A baby stares openly at whatever interests him: it’s one of the cutest of all baby characteristics. As the baby is tamed, domesticated and incorporated into the machinery of the State, however, he has to be taught that staring is rude. As time passes, he’s told to look people in the eye when shaking hands, not to look sideways at the trough, not to adopt an expression of ‘dumb insolence’ in the classroom, and – should a job interview eventuate – to meet his interlocutor’s eye, but not all the time. Throughout life, the degree to which we’re meant, and not meant, to look at other people is difficult to calibrate (and all over the world, it’s a different calculation for men and women, the affluent and the impoverished, the hale and the frail). Everyone knows it’s a survival skill, though. Amongst adults, the question ‘What’re you lookin’ at me for?’ is shouted more often than it’s couched as a courteous enquiry.

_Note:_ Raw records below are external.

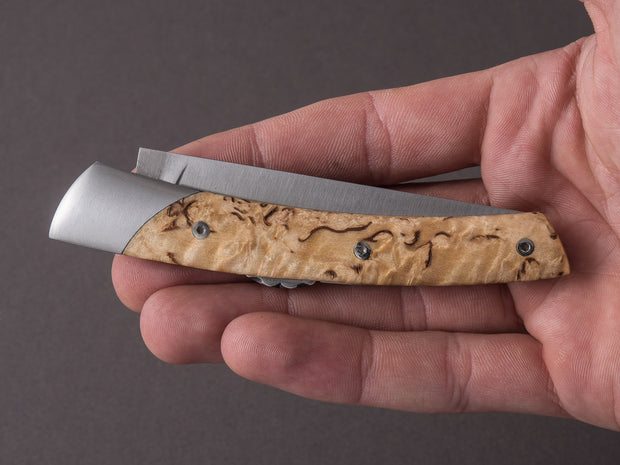 Coutellerie Chambriard - Le Thiers "Mi-Jo" - Folding Knife - Birch Wood Handle - Button Lock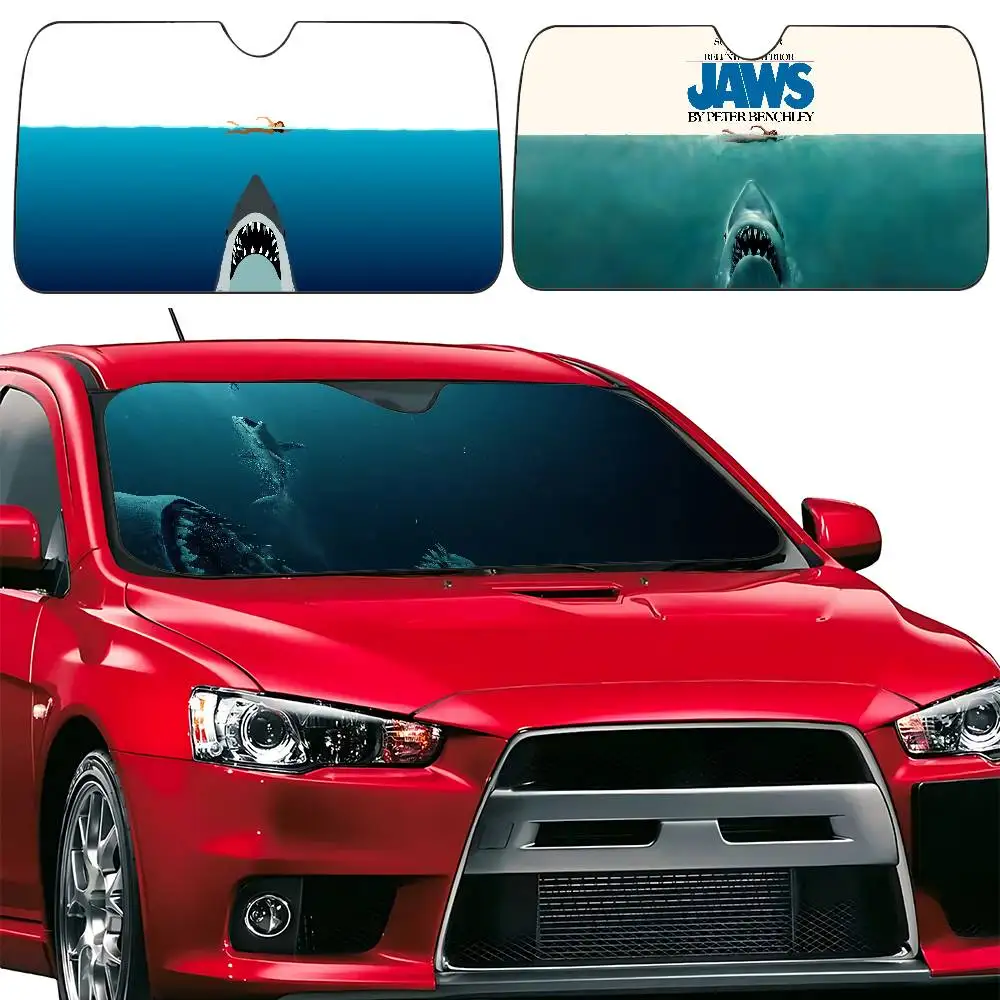 

Jaws Movie Ocean Car SunShade Windscreen Front Window Visor 70x130cm Sun Visor Solar Protect Plaid Gift Novelty Car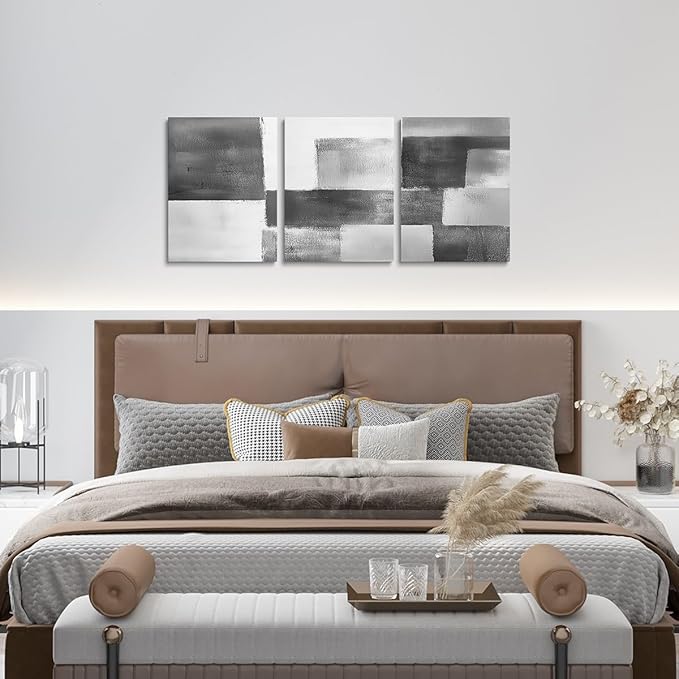 jejeloiu Modern Art 3 Piece Canvas Wall Art for Living Room Bedroom Abstract Art Picture Wall Decor 12"x16"x3pcs Gray White Abstract Oil Painting Office Decorations Artwork Posters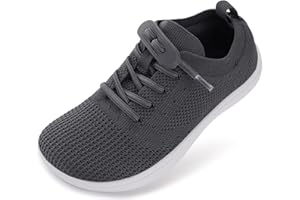 WHITIN Toddler/Little Kid Wide Barefoot Shoes | Slip on Zero Drop Minimalist Sneakers for Boys Girls | Adjustable No-Tie Lacing Design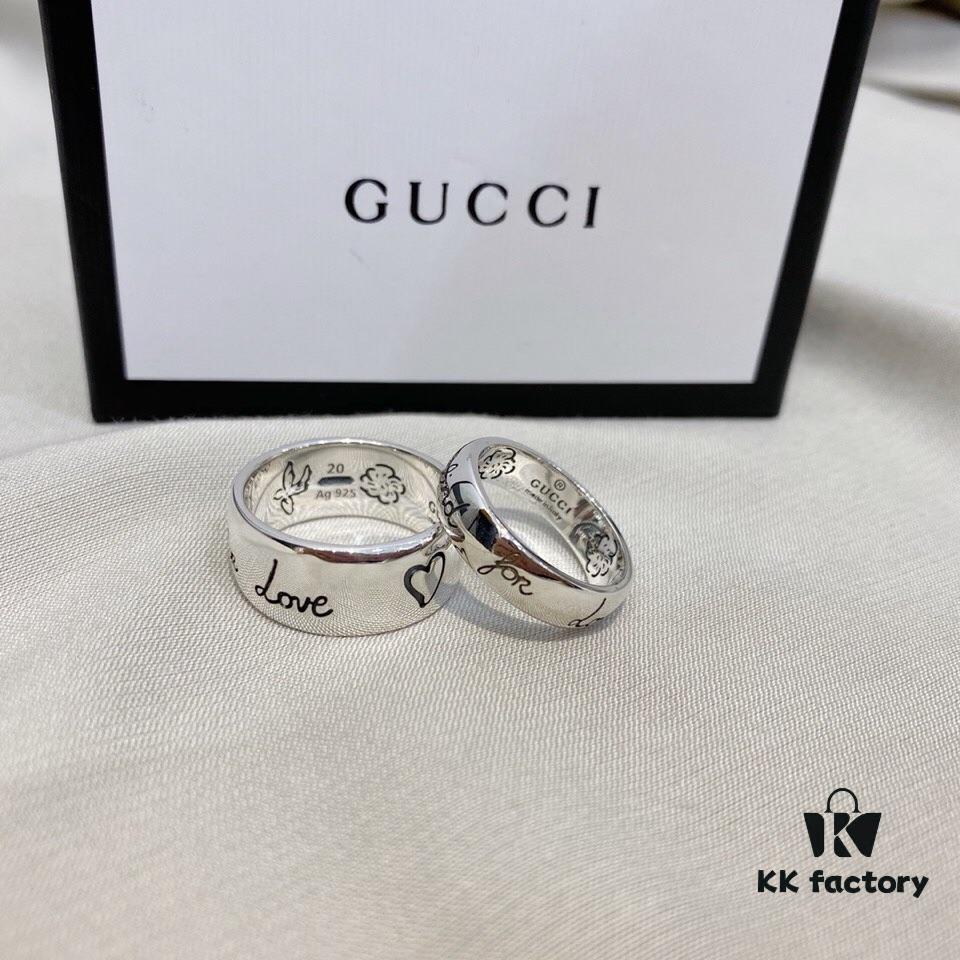 Gucci 925 Sterling Silver Love Fearless Couple Ring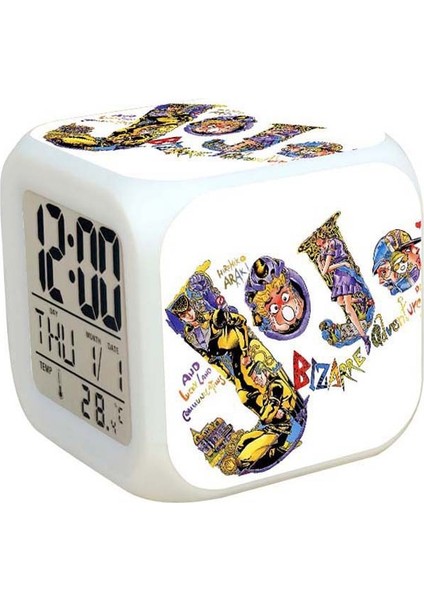 7 Renkli LED Kare Dijital Alarmlı Saat - Beyaz (Yurt Dışından)
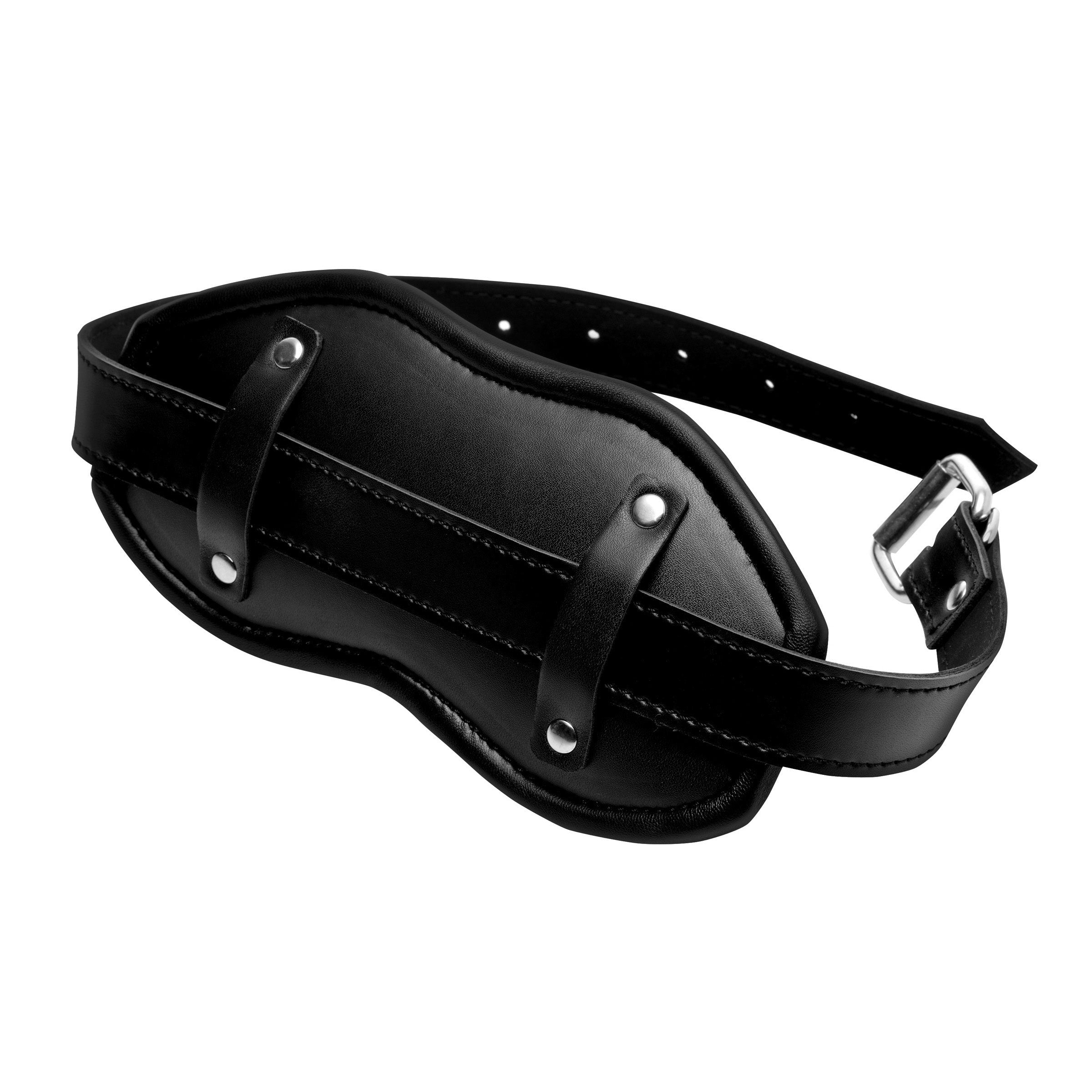 Adjustable black silicone gag with dual metal buckles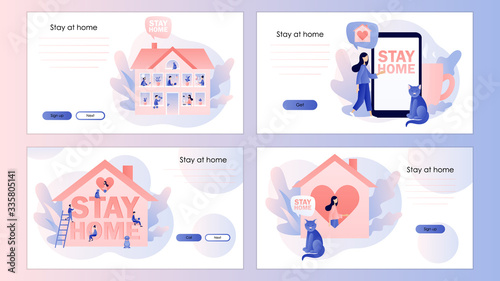 Stay at home. Quarantine and self-isolation. Pandemic. Screen template for mobile smart phone, landing page, template, ui, web, mobile app, poster, banner, flyer. Modern flat cartoon style. Vector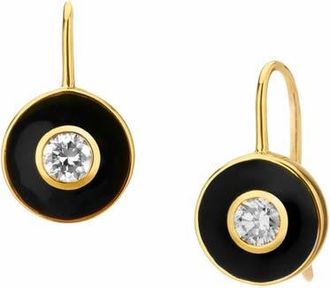 Syna Enamel Disc Earrings in Black at Nordstrom, Size Small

A perennially attractive feature of portraits is that we can stare blatantly and hard at them for as long as we like. Sometimes the person in the portrait will be looking away; and then it can feel as if we’re watching them in secret – tenderly, furtively, hungrily. Other times the person in the image may be staring right back at us. Then it’s the kind of standoff that might end, were both of us real, in a punch, a serious question, or a sudden, game-changing kiss.
Occasionally, in photographic portraits as in painted and drawn ones, we sense an exciting connection between artist and sitter. In my own favourite photographs from ten years of the National Photographic Portrait Prize, which include a self-portrait, the sitters acknowledge what’s going on. They can look bold or nervous, appraising, forbidding or seductive, but they have to be palpably present, giving off human warmth and the certain knowledge they’re being photographed. Unless, of course, they’re dead, which several subjects of the NPPP have been.